Mastering with Data Hub Framework 4

If you’re using the MarkLogic Data Hub Framework, you can call the match and merge REST extension. See the smart-mastering-core example mastering task.

The key part is in the runMastering tasks of [build.gradle][sm-demo-build-gradle], which calls the REST extension.

Mastering with a Trigger

Smart Mastering can be set up so that whenever a document is inserted into the database, a trigger gets called to look for matches and merge as appropriate. See match-and-merge-trigger.xqy for the trigger code, Using Triggers to Spawn Actions in the Application Developer’s Guide to learn about how triggers work, and the ml-gradle wiki for an example of how to deploy triggers with ml-gradle.

Custom Approach

You can also access the Smart Mastering functionality by directly calling the REST API extensions or XQuery libraries.
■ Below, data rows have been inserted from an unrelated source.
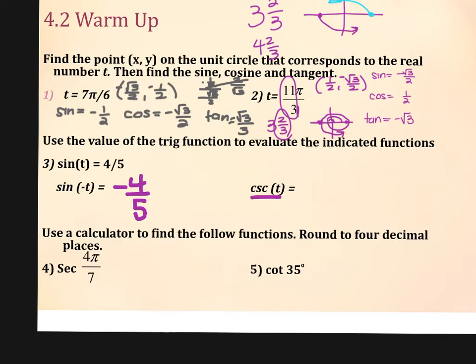The cosecant is the reciprocal of sine, but pay attention to what angle it's talking about. It's talking about my original angle, so I would take that 4 fifths and flip it so that it's 5 fourths. What would you have told me if I asked for cosecant of negative t? Negative 5 fourths.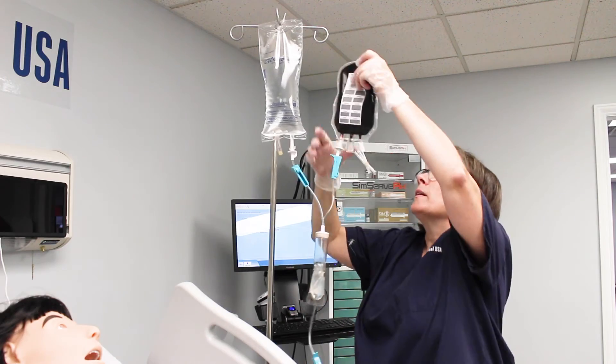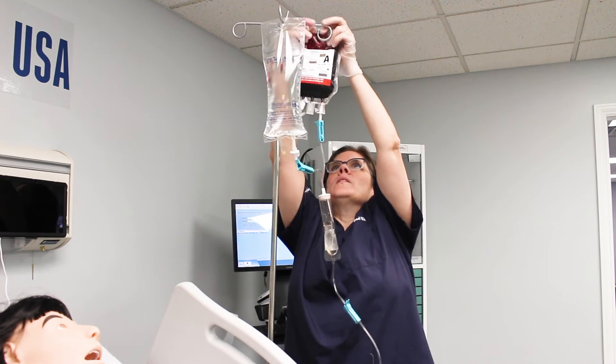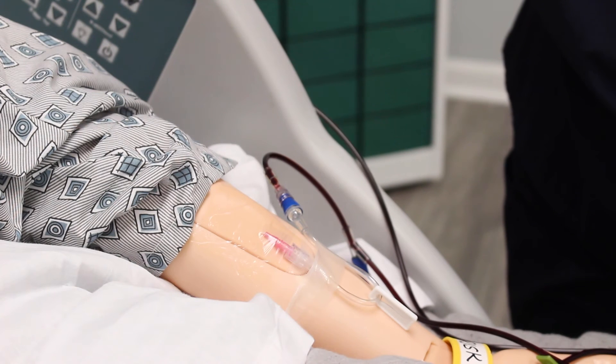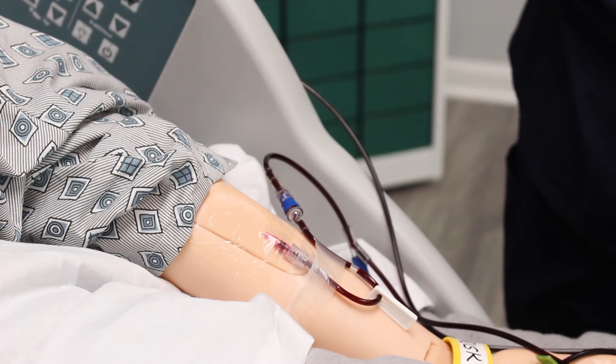SimRx signature blood bags should not be infused into mannequins as damage to the tubing system may result. Whereas SimRx stainless blood bags are recommended if simulated blood must be infused into mannequins or skills trainers.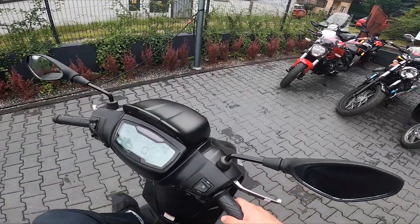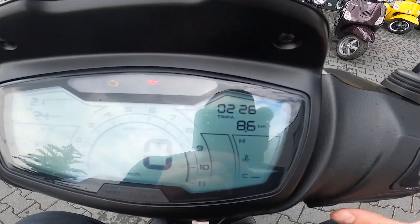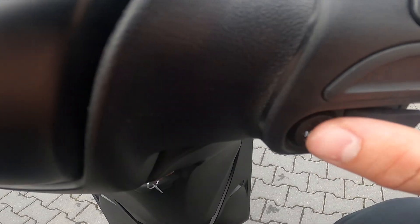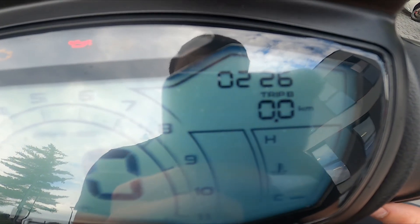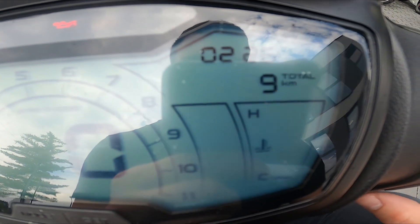Let's take a look at the display. Make sure that the ignition is on — as you can see right here, we've got Trip A. To go to Trip B, press the mode button twice, and now we can go back to Trip A.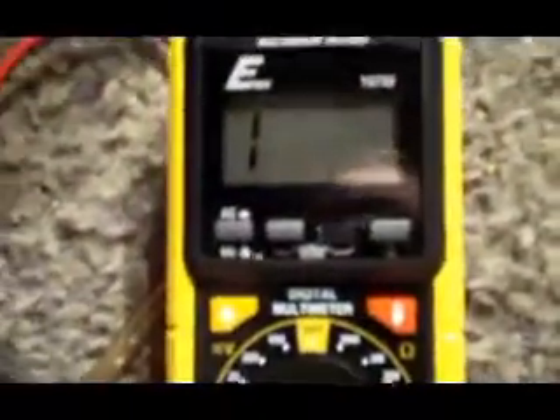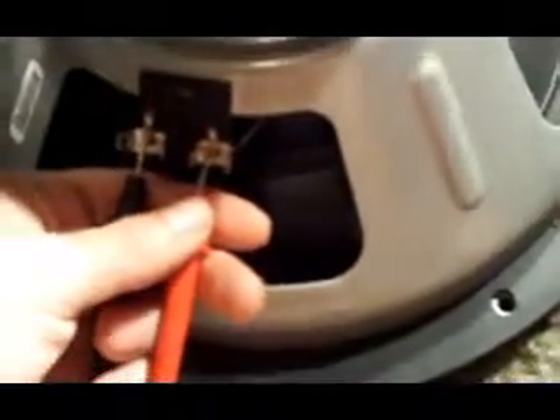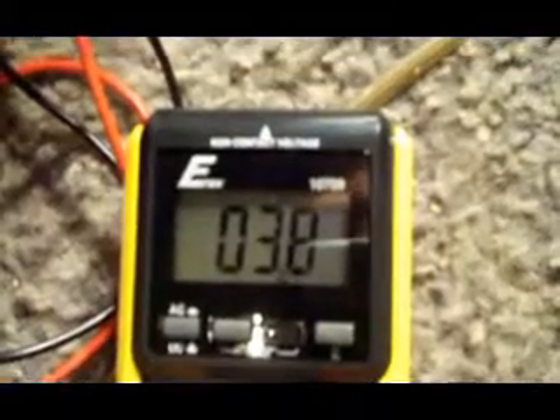With the meter on 200 ohms, it reads one when you're not touching anything, which means nothing. You just touch the probes to the positive and negative terminals on your sub. I'm getting 3.8 — and this is a four ohm subwoofer. They bounce around a bit: three nine, four one, four two — in my experience they read a little more or a little less, not always exactly on the dot.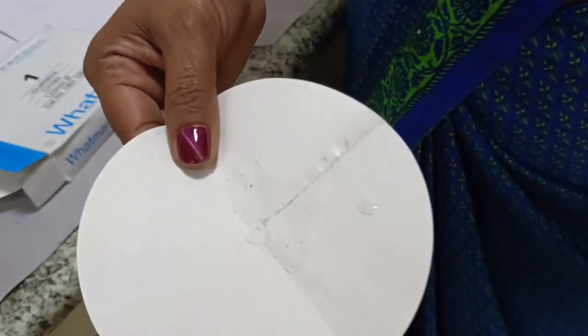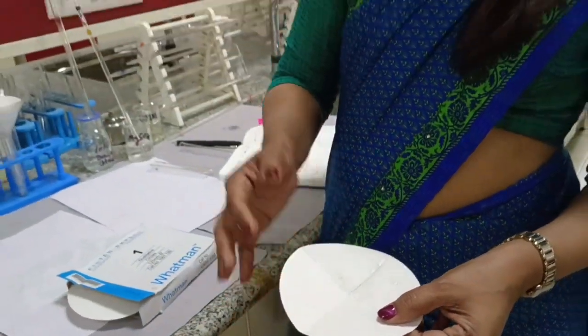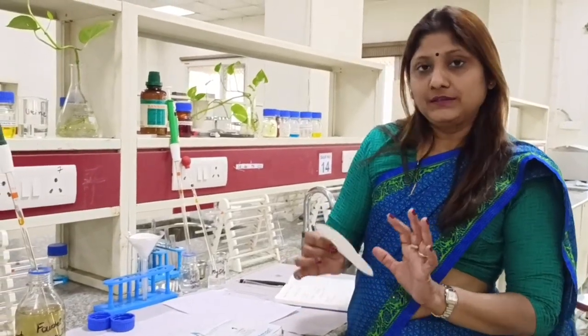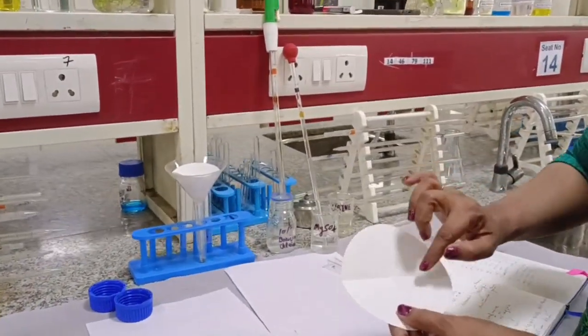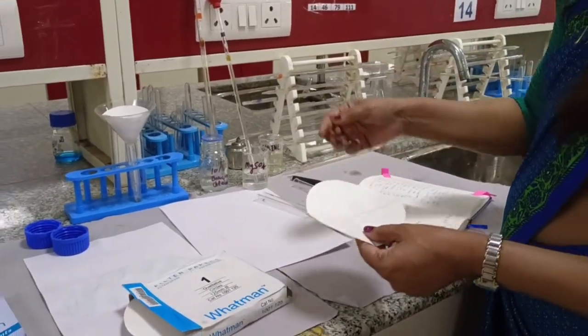If bilirubin is present in the urine, it will be adsorbed onto the barium sulfate precipitate on the filter paper. Though we cannot visibly see the bilirubin, it is adsorbed onto the barium sulfate. Now we have to dry this filter paper in a hot air oven at 50°C for 5 minutes. After drying, you can see the barium sulfate precipitate on the paper, and the bilirubin, if present, is adsorbed onto it.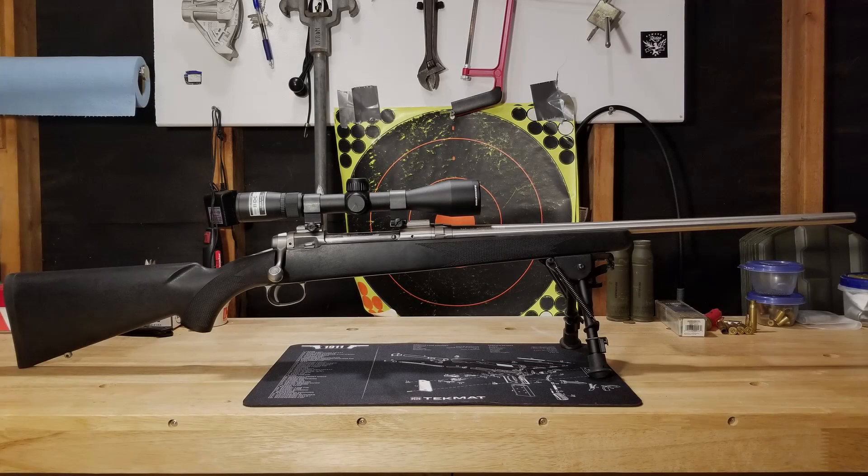Hey YouTube, it's Chris with Almost Precision, and I wanted to talk to you about my last range day and some reduced recoil reloads.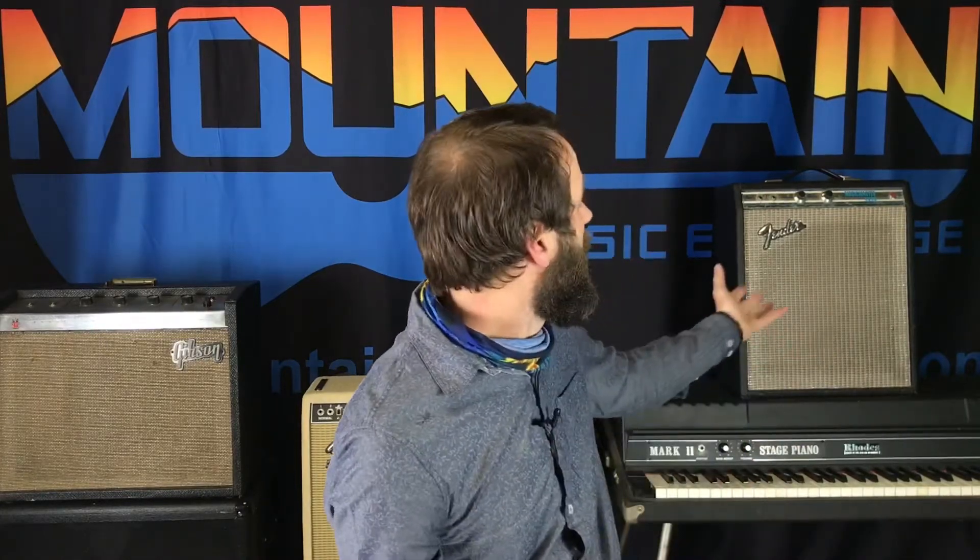Hey gang, Kevin Harmon here at Mountain Music Exchange. It's Wednesday — I've got a couple of super cool amplifiers to talk to you about, a crazy cool guitar, a lot of trade-ins, and some fun stuff.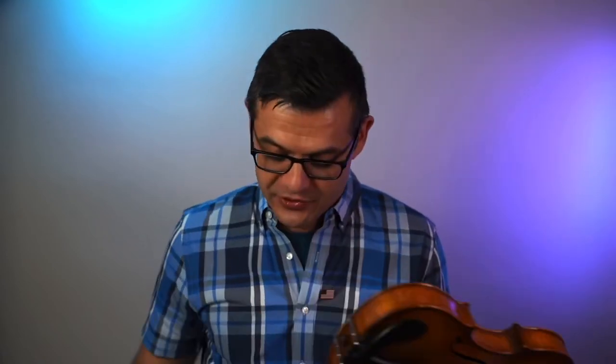This chin rest is fun — I would try it, I would buy one. I'm going to keep this one. Thank you so much fiddlershop.com for sending it. I might not use it personally because I have neck issues and use a really high chin rest, but I might give this to a student or even a professional who plays more baroque music — they might really enjoy it.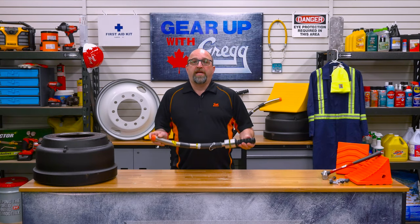Hi there, my name is Ed. I work as a driver here at Gregg Distributors and I'd like to start by thanking you for watching another episode of Gear Up with Greggs. In this episode we're going to discuss the innovative new product that knocks the ice off your frozen brakes — the brake-free safety bar. Let's get cracking!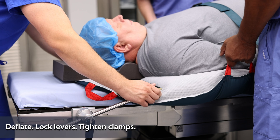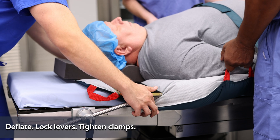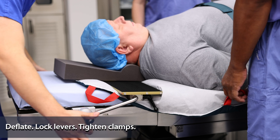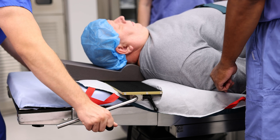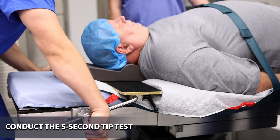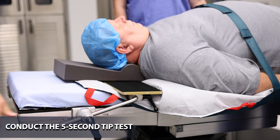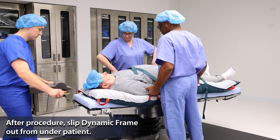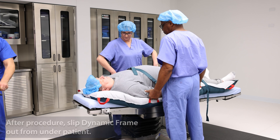When the patient is in position and the transfer device is deflated, lock the black levers, fully tighten clamps, and perform the standard tip test to ensure patient stability. After the procedure is completed, remove the dynamic frame by simply slipping it out from under the patient.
To see what the results of the match functions look like, see Match Results.

Collections

Smart Mastering expects to find documents in particular collections. See the list of collections in constants.xqy. Some of the notable collections:

  • $CONTENT-COLL: insert any documents that should be available for merging into this collection. When two documents get merged, they will be removed from this collection and replaced with the new merged document. Your application should limit searches to this collection.
  • $MERGED-COLL: merged documents will be created in this collection. When a merge is rolled back, the rolled document will be removed from this collection and from the $CONTENT-COLL.
  • $ARCHIVED-COLL: original documents that have been merged will be moved into this collection.